----- THE INPUT -----

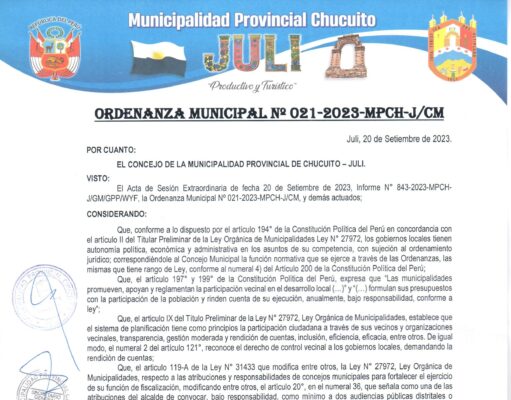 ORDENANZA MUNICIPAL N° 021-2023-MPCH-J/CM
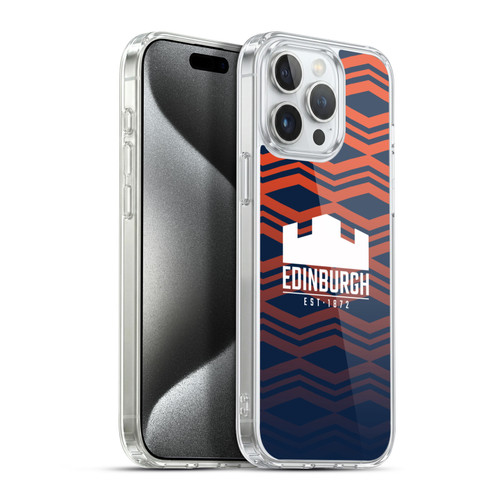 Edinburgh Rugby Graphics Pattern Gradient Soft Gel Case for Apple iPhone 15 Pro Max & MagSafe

-----
----- THE INPUT -----

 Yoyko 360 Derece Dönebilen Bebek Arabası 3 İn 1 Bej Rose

-----
----- THE INPUT -----

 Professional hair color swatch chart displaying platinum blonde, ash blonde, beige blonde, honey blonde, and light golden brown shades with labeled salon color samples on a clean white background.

-----

BRIEF:
Look above for the line containing "ORDENANZA MUNICIPAL N° 021-2023-MPCH-J/CM", then copy exactly from it through the line containing "Edinburgh Rugby Graphics", keeping both and leaving out pictures. Add nothing else.

RESPONSE FOR THIS EXERCISE:
 ORDENANZA MUNICIPAL N° 021-2023-MPCH-J/CM
 Edinburgh Rugby Graphics Pattern Gradient Soft Gel Case for Apple iPhone 15 Pro Max & MagSafe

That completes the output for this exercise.